While we were comfortable with him, we still felt the need to work initially with POA in Orlando. They have been holding out hands ever since we first received a referral for Sera. I am pretty certain we would not have adopted Sera had Stephanie not called me back on Labor Day 2015 and spoken with me for over an hour about her condition. I'm too loyal not to reward that assistance, especially given the glowing references from so many of the families that have used them.

With all that information behind us, surgery is set for TOMORROW -- Tuesday the 16th -- at 7AM. We are told she will be in surgery for about 4 hours and will remain at the hospital for 3-5 days for observation. Once released, we are being told to expect 8-9 weeks for recovery to the point that we can remove the body cast and head for Florida to finally meet the POA staff in person.
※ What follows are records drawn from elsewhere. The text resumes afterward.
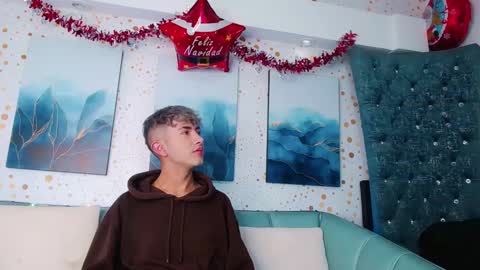 Snapshot of noah_xitruxx chatting on December 31, 12:15 pm Noah online show from December 31, 12:15 pm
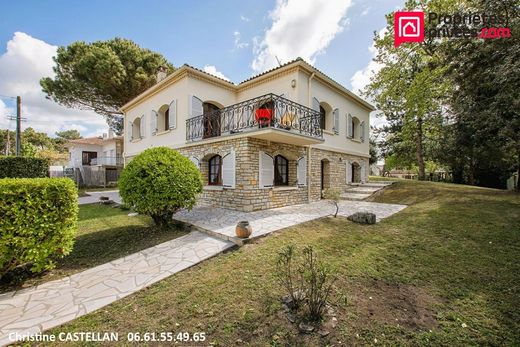 Luxus-Haus in Saint-Georges-de-Didonne, Charente-Maritime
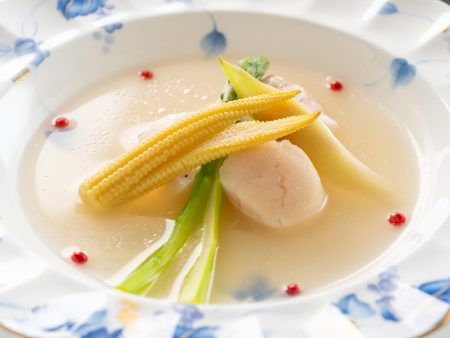 【スープポアソン】香味野菜を白ワインで煮だしたブイヨンに乙女鯛の身とのホタテにを加えたナージュ。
Angela plans to stay with Sera most of the time that she is in the hospital while I shuttle back and forth to watch the other 3 kids at home. So many people have offered to help and we are thankful for that as well as all the spiritual support in the form of prayers. Aside from the anxiety of not knowing what to expect over the next several weeks, I think we are as ready as we can be for the adventure.

I may not be able to provide daily updates over the next several days and week, but I'll try to hit the highlights so everyone can remain in the loop. Take care!